Work task: Copy each line of the data that has "against" in it.

:: Supplied data ::

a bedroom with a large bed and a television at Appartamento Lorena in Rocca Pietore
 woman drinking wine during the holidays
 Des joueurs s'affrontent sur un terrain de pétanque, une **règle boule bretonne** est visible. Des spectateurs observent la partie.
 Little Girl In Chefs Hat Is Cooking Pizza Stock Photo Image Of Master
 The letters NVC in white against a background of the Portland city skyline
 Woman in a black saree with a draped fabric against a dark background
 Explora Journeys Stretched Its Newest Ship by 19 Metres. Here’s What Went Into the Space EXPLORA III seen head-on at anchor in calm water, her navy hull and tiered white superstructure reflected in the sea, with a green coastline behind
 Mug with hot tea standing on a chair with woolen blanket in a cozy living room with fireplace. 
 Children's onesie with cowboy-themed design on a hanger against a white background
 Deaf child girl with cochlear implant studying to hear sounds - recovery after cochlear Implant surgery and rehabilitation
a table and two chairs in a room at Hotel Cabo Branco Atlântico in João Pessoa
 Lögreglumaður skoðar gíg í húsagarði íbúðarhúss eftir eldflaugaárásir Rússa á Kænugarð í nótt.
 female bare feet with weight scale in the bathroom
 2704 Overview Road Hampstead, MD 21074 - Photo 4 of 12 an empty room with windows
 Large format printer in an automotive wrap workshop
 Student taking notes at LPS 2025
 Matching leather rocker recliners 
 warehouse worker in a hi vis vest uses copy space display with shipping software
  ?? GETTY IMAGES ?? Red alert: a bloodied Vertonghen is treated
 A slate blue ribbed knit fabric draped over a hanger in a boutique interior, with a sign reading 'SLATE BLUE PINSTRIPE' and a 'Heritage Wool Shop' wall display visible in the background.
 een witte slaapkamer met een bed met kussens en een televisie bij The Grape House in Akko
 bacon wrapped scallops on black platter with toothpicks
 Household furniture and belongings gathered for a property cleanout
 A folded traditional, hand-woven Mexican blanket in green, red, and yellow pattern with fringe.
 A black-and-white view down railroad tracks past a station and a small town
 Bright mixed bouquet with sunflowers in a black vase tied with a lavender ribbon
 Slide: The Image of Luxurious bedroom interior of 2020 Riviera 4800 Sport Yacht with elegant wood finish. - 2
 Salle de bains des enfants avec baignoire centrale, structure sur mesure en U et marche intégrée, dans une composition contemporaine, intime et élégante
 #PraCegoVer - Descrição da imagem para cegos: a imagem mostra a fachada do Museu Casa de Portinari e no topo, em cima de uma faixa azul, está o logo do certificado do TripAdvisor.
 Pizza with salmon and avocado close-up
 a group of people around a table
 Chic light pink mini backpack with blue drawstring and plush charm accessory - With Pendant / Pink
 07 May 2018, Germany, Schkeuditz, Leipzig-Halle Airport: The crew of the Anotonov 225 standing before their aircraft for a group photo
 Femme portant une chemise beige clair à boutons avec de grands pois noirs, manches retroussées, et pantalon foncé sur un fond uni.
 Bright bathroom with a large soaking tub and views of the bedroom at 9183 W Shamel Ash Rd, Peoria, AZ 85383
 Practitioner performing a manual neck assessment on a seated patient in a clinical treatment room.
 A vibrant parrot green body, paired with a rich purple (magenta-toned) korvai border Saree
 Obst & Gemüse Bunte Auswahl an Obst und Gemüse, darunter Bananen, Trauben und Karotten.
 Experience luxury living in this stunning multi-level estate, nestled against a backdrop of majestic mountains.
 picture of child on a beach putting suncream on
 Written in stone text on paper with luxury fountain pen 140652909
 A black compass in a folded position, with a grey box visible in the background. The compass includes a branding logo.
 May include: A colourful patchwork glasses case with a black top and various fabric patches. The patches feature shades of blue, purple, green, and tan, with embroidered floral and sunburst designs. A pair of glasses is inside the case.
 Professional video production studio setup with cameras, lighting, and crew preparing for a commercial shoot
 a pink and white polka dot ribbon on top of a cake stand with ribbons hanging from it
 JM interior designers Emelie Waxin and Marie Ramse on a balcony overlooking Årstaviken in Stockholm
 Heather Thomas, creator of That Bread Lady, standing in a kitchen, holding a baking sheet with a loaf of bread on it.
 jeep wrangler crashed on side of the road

:::

Answer space:
 The letters NVC in white against a background of the Portland city skyline
 Woman in a black saree with a draped fabric against a dark background
 Children's onesie with cowboy-themed design on a hanger against a white background
 Experience luxury living in this stunning multi-level estate, nestled against a backdrop of majestic mountains.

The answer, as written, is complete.